### BRIEF
Word for word, give the records again, dropping any picture they hold.
=-=-=-=-=
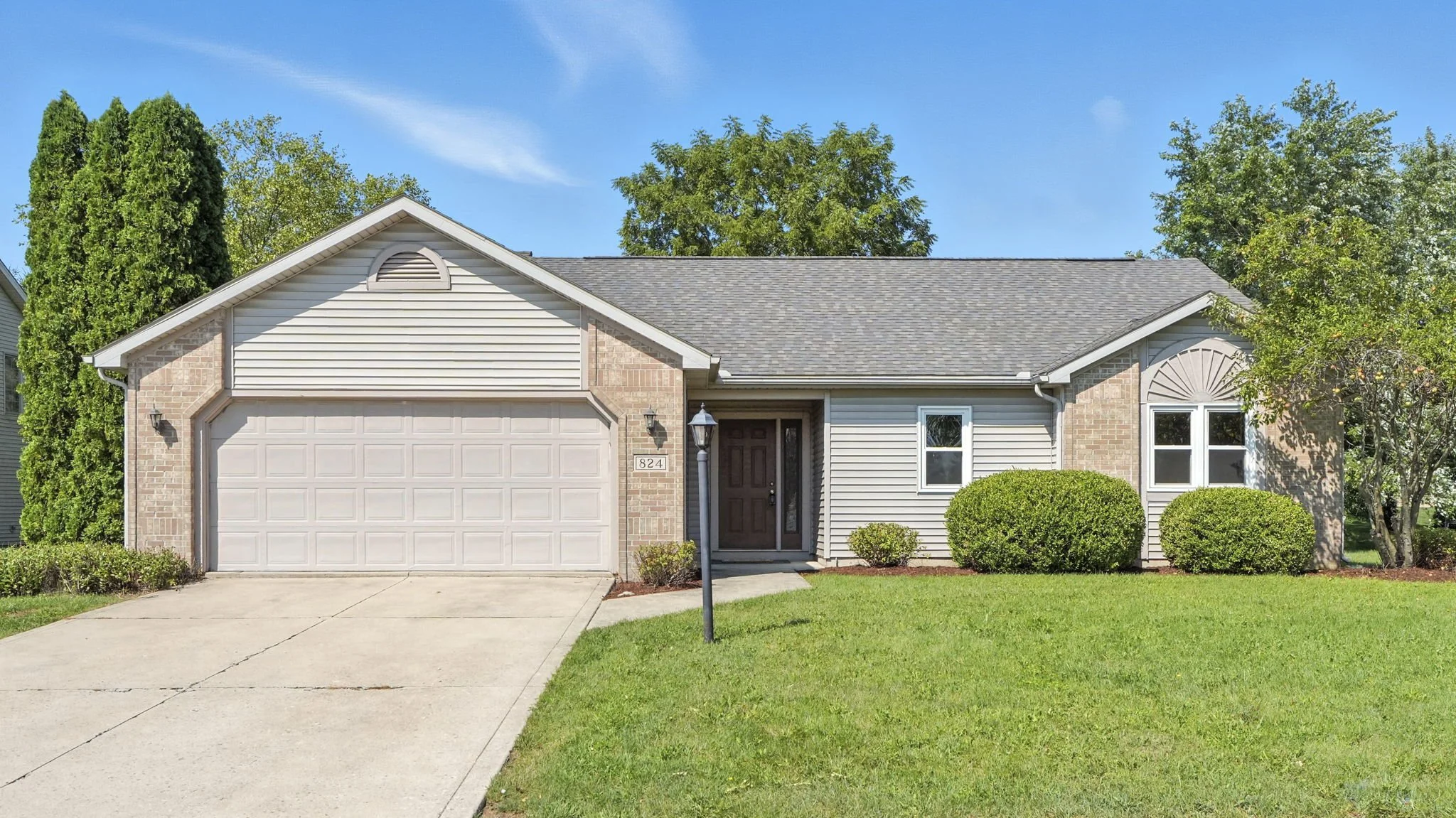 Pending!! 824 Brae Brook Drive, Fort Wayne, IN 46804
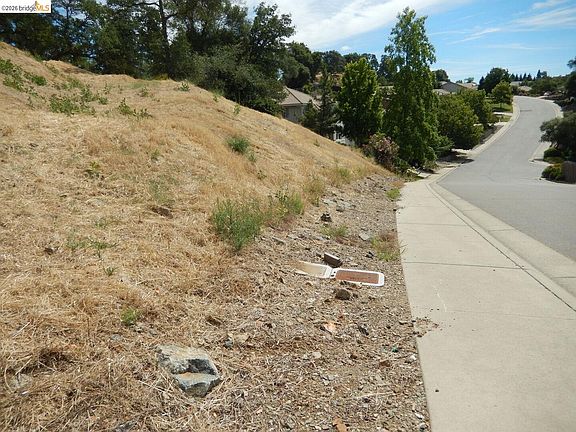 3rd image of 512 Crazy Horse Ct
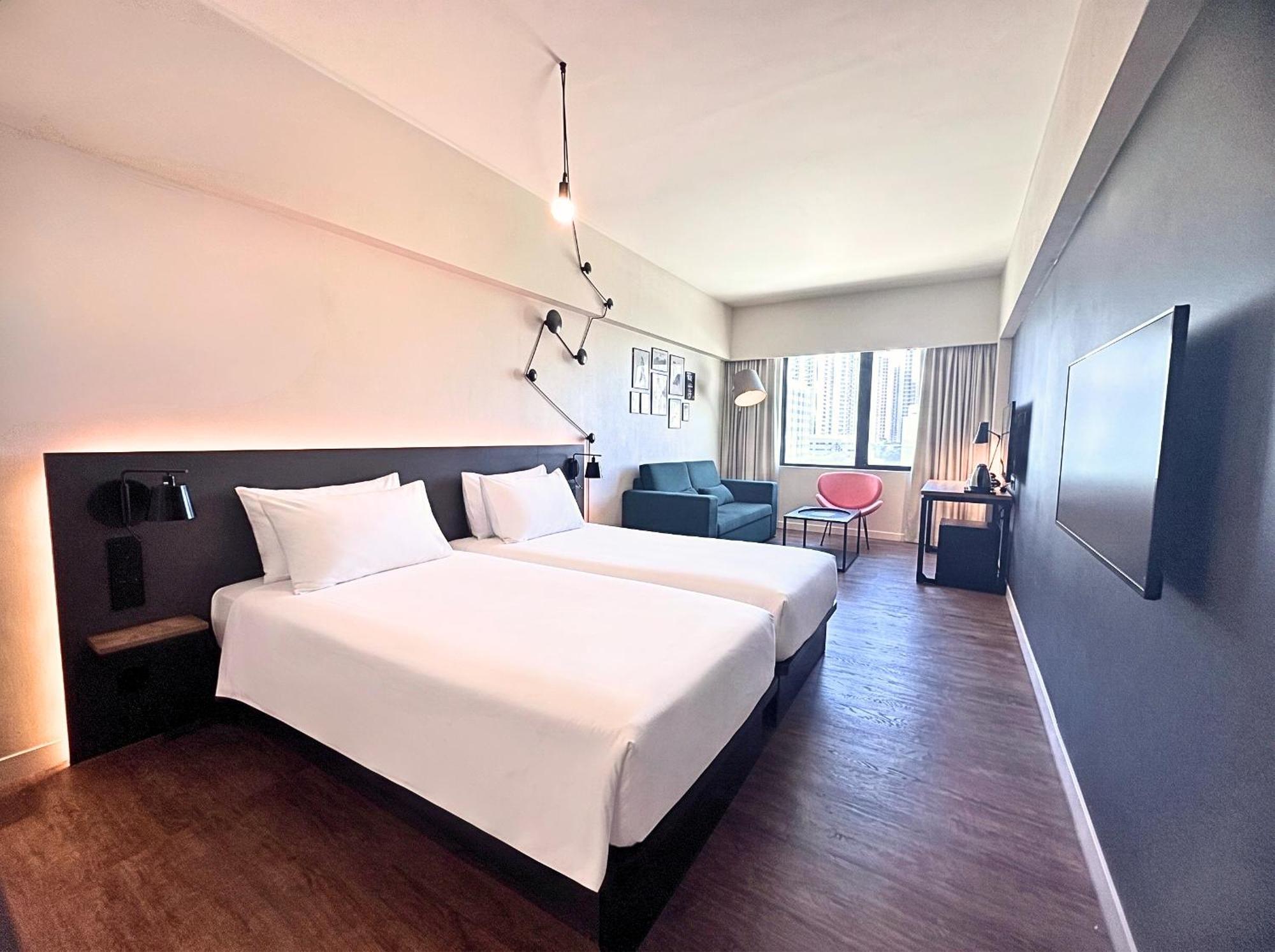 Penta Pro Twin Room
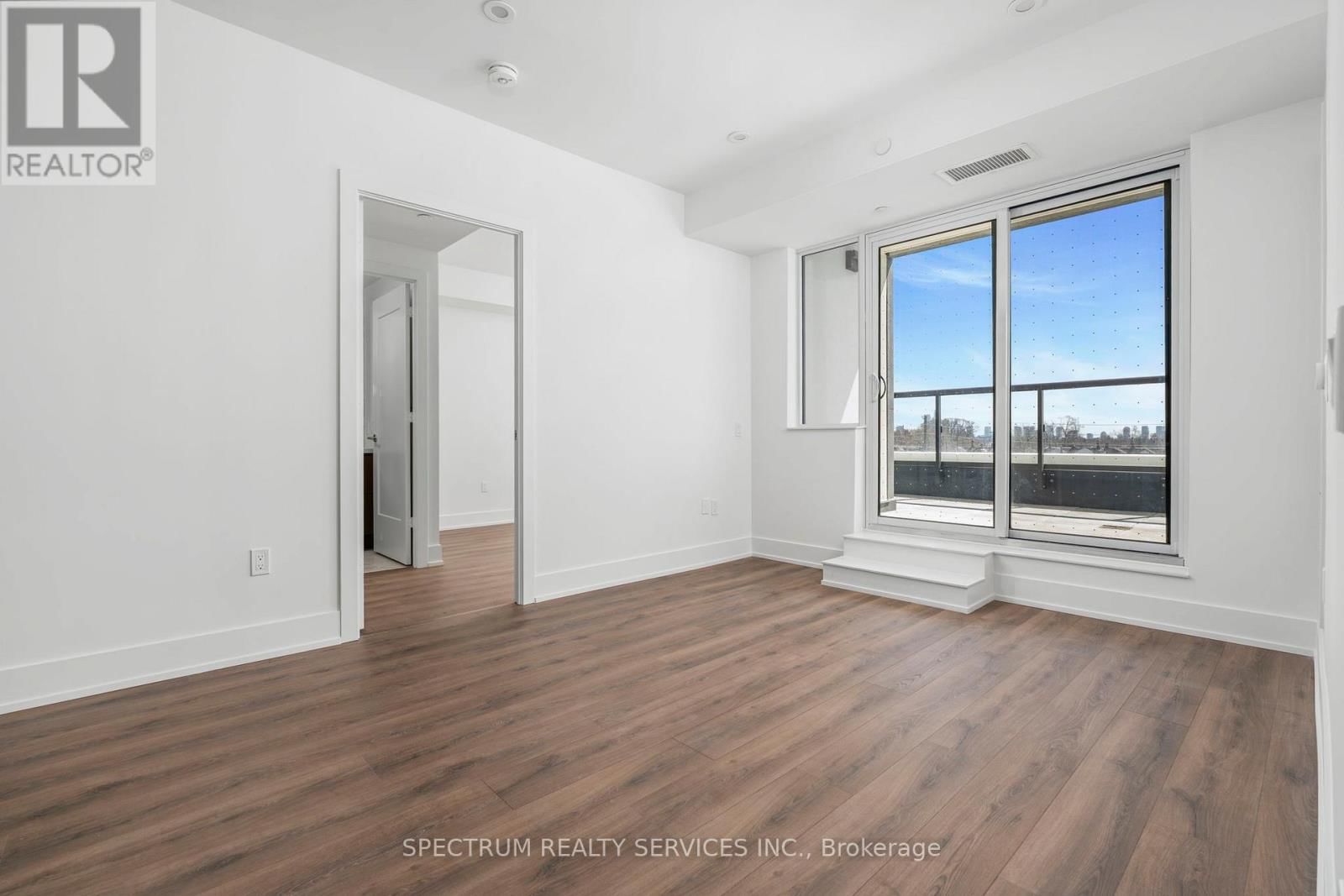 335 - 858 DUPONT STREET Image 17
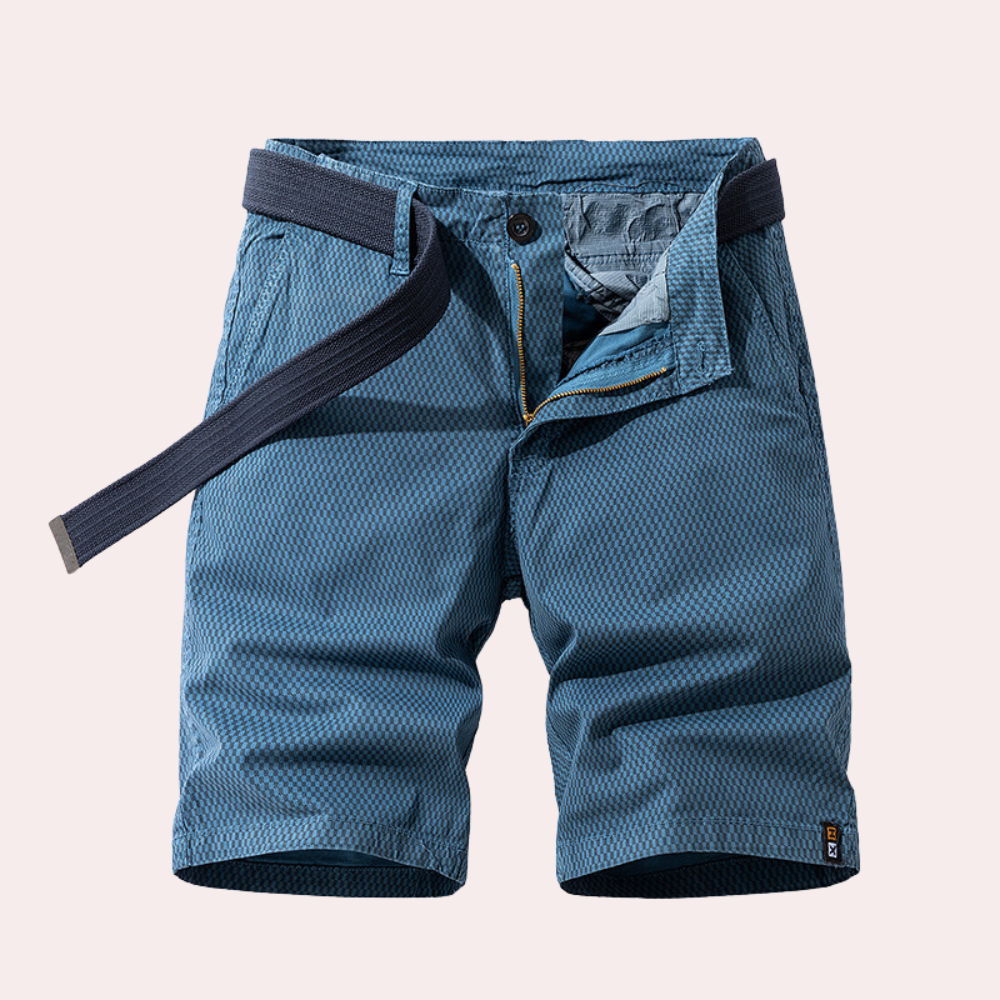 Pantaloncini uomo blu con cintura, design casual estivo, tessuto leggero e traspirante, ideali per attività all'aperto e tempo libero.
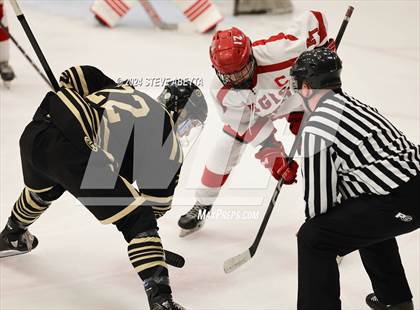 Thumbnail 1 in Regis Jesuit vs. Monarch (CHSAA 5A Frozen Four) photogallery.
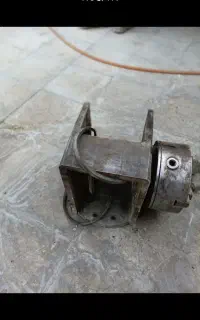 سه نظام دستگاه تراش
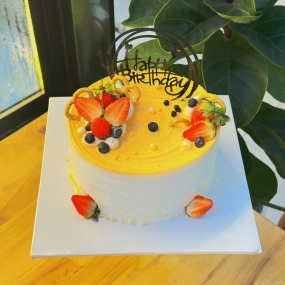 BÁNH KEM TRÁI CÂY TẶNG VỢ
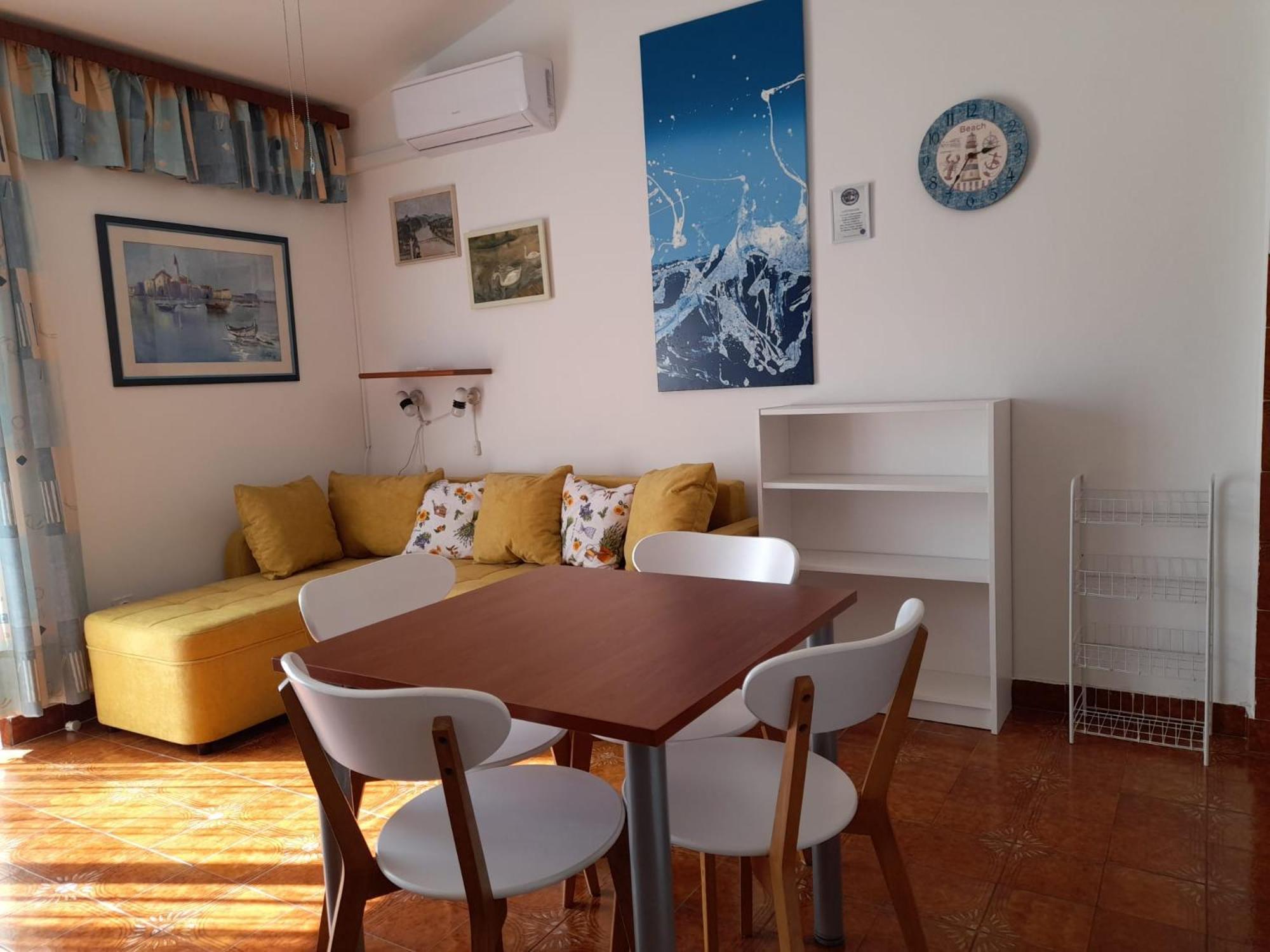 נובי ווינודולסקי Apartments Mirjana מראה חיצוני תמונה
=-=-=-=-=
### OUTPUT OF THE EXERCISE
 Pending!! 824 Brae Brook Drive, Fort Wayne, IN 46804
 3rd image of 512 Crazy Horse Ct
 Penta Pro Twin Room
 335 - 858 DUPONT STREET Image 17
 Pantaloncini uomo blu con cintura, design casual estivo, tessuto leggero e traspirante, ideali per attività all'aperto e tempo libero.
 Thumbnail 1 in Regis Jesuit vs. Monarch (CHSAA 5A Frozen Four) photogallery.
 سه نظام دستگاه تراش
 BÁNH KEM TRÁI CÂY TẶNG VỢ
 נובי ווינודולסקי Apartments Mirjana מראה חיצוני תמונה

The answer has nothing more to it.